Your objective >>
Only the lines below between the ones containing "图片8.png?v=1746335971718" and "Vente Maison BIARRITZ", inclusive, are to be reproduced, each exactly as it stands.
☆ ☆ ☆ ☆
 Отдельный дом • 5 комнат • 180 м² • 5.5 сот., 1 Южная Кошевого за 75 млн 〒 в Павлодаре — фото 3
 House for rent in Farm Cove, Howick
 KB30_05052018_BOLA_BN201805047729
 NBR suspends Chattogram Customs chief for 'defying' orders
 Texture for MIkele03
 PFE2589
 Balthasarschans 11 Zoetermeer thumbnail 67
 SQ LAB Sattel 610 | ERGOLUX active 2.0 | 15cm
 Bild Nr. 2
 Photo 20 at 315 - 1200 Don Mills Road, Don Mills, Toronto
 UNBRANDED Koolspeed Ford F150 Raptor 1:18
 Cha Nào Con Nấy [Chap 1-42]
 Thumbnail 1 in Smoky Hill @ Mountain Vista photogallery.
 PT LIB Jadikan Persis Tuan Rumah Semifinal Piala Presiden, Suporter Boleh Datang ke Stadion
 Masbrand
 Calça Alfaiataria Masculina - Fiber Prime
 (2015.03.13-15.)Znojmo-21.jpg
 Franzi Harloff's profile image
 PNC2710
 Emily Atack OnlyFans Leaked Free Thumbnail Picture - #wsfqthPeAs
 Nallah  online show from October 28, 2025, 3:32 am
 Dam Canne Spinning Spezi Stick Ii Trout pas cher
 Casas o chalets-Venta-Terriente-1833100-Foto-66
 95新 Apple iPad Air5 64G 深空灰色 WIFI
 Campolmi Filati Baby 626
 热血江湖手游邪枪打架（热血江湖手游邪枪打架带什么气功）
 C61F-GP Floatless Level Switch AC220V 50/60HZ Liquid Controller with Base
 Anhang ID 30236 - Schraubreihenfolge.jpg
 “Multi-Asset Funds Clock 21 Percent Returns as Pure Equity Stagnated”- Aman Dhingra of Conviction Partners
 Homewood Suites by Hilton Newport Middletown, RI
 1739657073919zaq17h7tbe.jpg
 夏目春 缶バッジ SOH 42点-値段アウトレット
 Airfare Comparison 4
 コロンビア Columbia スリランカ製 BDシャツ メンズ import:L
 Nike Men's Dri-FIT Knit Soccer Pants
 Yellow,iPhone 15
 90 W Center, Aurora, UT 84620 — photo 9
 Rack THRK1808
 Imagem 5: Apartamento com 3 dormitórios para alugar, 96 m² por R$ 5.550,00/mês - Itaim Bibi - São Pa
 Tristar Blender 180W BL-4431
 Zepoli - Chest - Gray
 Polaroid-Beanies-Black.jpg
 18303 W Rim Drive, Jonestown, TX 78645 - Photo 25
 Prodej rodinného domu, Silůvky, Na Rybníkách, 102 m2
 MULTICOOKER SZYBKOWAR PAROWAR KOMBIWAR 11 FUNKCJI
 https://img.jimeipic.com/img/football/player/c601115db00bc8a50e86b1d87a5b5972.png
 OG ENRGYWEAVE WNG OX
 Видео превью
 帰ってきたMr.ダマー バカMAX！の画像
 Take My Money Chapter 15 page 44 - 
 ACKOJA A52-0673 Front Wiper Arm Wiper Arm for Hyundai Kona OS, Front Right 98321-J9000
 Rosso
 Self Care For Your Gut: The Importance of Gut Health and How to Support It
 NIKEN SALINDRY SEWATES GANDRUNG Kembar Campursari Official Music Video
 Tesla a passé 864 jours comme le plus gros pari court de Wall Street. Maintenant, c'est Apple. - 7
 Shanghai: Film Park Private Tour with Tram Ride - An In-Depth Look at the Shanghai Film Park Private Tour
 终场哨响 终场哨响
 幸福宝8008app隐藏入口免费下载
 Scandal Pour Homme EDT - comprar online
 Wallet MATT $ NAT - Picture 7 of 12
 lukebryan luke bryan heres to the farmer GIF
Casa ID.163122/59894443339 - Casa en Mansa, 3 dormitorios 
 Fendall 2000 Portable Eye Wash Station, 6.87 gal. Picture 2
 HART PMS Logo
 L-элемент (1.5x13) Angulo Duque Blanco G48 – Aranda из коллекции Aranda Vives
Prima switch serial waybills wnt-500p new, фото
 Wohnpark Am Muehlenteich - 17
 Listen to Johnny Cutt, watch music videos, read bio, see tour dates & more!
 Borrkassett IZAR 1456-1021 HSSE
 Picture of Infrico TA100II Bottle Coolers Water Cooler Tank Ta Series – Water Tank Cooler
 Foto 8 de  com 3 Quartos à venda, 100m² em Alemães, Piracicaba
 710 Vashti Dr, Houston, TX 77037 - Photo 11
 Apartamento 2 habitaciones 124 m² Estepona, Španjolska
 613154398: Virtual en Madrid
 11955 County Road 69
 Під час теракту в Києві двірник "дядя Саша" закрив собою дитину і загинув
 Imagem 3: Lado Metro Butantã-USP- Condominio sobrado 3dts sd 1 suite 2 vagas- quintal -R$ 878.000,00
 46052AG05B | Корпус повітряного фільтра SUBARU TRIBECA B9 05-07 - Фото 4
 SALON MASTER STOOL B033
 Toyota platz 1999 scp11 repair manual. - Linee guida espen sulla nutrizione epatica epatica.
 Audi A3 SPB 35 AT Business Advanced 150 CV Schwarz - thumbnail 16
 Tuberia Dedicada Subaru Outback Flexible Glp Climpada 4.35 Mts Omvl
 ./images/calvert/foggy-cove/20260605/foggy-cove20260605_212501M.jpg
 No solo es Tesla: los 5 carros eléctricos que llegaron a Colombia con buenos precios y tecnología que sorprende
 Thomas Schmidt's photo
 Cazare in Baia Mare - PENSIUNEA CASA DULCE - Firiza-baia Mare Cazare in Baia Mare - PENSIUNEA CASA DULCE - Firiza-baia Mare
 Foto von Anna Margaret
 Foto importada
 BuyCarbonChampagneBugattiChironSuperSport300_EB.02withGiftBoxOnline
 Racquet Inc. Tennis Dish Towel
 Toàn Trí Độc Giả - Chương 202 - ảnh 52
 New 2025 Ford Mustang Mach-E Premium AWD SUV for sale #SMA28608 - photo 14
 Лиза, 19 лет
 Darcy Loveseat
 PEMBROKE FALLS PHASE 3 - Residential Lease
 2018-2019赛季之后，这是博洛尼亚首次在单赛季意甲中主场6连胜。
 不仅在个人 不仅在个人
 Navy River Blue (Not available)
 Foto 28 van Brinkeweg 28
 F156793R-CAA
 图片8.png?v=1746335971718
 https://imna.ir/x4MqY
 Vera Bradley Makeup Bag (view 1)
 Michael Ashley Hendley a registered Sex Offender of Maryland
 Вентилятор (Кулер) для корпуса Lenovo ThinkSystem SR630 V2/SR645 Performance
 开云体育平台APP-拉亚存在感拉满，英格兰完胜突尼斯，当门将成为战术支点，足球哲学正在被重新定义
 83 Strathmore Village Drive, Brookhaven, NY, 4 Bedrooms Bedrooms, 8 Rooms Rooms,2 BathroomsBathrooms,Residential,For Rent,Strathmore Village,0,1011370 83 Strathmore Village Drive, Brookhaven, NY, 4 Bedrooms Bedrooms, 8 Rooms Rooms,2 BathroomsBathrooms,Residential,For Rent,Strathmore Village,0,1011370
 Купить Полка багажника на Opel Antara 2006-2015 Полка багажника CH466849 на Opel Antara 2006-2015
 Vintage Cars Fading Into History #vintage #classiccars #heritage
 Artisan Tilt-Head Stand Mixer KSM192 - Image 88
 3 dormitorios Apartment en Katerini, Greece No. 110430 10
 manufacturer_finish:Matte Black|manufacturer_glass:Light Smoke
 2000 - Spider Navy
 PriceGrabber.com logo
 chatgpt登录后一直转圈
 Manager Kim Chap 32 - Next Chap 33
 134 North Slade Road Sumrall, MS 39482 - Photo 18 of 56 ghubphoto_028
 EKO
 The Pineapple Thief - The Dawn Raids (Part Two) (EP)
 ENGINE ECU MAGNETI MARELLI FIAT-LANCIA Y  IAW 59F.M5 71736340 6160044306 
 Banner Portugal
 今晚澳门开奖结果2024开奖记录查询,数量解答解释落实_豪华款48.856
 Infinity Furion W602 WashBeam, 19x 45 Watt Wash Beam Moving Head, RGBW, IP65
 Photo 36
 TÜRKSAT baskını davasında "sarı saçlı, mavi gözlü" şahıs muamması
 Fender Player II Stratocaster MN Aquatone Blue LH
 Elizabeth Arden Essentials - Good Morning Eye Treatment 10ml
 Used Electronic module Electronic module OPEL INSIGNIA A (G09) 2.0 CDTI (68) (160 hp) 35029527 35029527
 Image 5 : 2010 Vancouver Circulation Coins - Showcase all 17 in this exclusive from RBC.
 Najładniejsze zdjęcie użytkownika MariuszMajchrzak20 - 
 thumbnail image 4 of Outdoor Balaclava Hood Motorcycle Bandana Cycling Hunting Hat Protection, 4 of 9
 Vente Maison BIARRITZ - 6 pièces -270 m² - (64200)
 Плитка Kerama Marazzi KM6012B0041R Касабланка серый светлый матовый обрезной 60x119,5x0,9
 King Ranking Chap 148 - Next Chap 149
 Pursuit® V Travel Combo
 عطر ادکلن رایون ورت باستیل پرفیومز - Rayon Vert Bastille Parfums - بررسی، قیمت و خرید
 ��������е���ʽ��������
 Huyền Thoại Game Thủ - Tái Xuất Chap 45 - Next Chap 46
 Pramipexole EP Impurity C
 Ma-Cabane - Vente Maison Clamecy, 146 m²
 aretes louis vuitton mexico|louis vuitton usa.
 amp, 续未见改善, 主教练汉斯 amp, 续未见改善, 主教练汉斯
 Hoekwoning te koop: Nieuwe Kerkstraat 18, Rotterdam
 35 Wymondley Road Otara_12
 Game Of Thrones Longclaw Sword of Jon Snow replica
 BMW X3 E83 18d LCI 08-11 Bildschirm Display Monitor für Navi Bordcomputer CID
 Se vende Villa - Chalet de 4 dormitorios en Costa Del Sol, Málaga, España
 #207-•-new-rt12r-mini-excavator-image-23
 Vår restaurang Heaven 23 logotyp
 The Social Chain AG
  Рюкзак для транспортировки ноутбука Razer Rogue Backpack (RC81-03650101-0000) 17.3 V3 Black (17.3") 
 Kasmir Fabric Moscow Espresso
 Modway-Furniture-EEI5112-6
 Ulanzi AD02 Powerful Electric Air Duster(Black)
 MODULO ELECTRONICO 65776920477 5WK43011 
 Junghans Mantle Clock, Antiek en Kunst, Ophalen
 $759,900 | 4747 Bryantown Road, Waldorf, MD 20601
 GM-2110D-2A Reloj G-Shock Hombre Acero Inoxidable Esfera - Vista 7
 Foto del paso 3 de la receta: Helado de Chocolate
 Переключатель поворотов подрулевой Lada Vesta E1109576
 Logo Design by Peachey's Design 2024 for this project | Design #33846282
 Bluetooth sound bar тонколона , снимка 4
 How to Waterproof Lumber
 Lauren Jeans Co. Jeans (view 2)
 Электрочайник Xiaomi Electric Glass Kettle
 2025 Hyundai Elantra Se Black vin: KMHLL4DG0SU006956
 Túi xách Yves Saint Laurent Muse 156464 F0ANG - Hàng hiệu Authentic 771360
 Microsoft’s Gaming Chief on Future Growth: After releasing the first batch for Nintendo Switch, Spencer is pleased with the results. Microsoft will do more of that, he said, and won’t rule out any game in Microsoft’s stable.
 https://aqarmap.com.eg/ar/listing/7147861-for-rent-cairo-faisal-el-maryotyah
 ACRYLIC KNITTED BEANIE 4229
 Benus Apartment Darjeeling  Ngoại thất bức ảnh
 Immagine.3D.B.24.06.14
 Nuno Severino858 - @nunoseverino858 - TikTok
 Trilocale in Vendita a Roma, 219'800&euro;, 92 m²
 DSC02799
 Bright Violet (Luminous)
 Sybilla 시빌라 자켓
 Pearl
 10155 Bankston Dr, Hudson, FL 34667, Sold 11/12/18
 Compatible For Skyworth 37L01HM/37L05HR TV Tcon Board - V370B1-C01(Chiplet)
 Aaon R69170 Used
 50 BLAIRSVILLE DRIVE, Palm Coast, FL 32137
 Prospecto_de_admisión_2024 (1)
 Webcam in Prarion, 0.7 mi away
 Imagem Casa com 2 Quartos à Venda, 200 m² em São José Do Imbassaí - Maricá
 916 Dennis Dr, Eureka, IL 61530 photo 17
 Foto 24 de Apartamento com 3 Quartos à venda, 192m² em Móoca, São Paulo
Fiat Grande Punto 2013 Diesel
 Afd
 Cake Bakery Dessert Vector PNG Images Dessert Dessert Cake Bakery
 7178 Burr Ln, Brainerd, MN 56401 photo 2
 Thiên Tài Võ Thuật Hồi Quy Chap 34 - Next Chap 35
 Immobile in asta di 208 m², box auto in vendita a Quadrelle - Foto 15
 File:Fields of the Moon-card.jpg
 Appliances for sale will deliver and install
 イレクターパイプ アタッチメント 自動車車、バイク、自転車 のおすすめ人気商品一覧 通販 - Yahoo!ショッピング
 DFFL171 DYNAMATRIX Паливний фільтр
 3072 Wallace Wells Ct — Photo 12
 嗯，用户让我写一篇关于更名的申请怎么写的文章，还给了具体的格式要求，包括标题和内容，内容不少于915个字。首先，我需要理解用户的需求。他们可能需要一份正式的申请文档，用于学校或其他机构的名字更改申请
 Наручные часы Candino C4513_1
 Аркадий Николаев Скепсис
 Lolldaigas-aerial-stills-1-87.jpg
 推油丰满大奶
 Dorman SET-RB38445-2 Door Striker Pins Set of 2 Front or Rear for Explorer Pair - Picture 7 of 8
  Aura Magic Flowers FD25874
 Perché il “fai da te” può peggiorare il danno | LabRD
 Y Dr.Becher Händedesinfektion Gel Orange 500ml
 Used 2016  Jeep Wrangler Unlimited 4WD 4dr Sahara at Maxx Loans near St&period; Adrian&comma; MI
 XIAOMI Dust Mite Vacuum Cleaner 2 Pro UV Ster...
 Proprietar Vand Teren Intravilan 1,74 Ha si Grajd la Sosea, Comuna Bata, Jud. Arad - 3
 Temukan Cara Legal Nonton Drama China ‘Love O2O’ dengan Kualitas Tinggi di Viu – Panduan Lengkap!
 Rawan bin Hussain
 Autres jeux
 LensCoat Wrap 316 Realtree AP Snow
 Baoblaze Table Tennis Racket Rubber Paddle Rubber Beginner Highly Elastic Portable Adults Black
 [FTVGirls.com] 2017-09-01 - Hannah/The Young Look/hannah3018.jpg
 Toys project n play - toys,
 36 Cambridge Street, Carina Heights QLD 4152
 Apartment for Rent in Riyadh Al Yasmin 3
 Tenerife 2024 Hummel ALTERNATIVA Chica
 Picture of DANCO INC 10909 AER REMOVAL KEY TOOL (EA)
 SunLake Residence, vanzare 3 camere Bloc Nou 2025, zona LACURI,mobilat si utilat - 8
☆ ☆ ☆ ☆
Result below >>
 图片8.png?v=1746335971718
 https://imna.ir/x4MqY
 Vera Bradley Makeup Bag (view 1)
 Michael Ashley Hendley a registered Sex Offender of Maryland
 Вентилятор (Кулер) для корпуса Lenovo ThinkSystem SR630 V2/SR645 Performance
 开云体育平台APP-拉亚存在感拉满，英格兰完胜突尼斯，当门将成为战术支点，足球哲学正在被重新定义
 83 Strathmore Village Drive, Brookhaven, NY, 4 Bedrooms Bedrooms, 8 Rooms Rooms,2 BathroomsBathrooms,Residential,For Rent,Strathmore Village,0,1011370 83 Strathmore Village Drive, Brookhaven, NY, 4 Bedrooms Bedrooms, 8 Rooms Rooms,2 BathroomsBathrooms,Residential,For Rent,Strathmore Village,0,1011370
 Купить Полка багажника на Opel Antara 2006-2015 Полка багажника CH466849 на Opel Antara 2006-2015
 Vintage Cars Fading Into History #vintage #classiccars #heritage
 Artisan Tilt-Head Stand Mixer KSM192 - Image 88
 3 dormitorios Apartment en Katerini, Greece No. 110430 10
 manufacturer_finish:Matte Black|manufacturer_glass:Light Smoke
 2000 - Spider Navy
 PriceGrabber.com logo
 chatgpt登录后一直转圈
 Manager Kim Chap 32 - Next Chap 33
 134 North Slade Road Sumrall, MS 39482 - Photo 18 of 56 ghubphoto_028
 EKO
 The Pineapple Thief - The Dawn Raids (Part Two) (EP)
 ENGINE ECU MAGNETI MARELLI FIAT-LANCIA Y  IAW 59F.M5 71736340 6160044306 
 Banner Portugal
 今晚澳门开奖结果2024开奖记录查询,数量解答解释落实_豪华款48.856
 Infinity Furion W602 WashBeam, 19x 45 Watt Wash Beam Moving Head, RGBW, IP65
 Photo 36
 TÜRKSAT baskını davasında "sarı saçlı, mavi gözlü" şahıs muamması
 Fender Player II Stratocaster MN Aquatone Blue LH
 Elizabeth Arden Essentials - Good Morning Eye Treatment 10ml
 Used Electronic module Electronic module OPEL INSIGNIA A (G09) 2.0 CDTI (68) (160 hp) 35029527 35029527
 Image 5 : 2010 Vancouver Circulation Coins - Showcase all 17 in this exclusive from RBC.
 Najładniejsze zdjęcie użytkownika MariuszMajchrzak20 - 
 thumbnail image 4 of Outdoor Balaclava Hood Motorcycle Bandana Cycling Hunting Hat Protection, 4 of 9
 Vente Maison BIARRITZ - 6 pièces -270 m² - (64200)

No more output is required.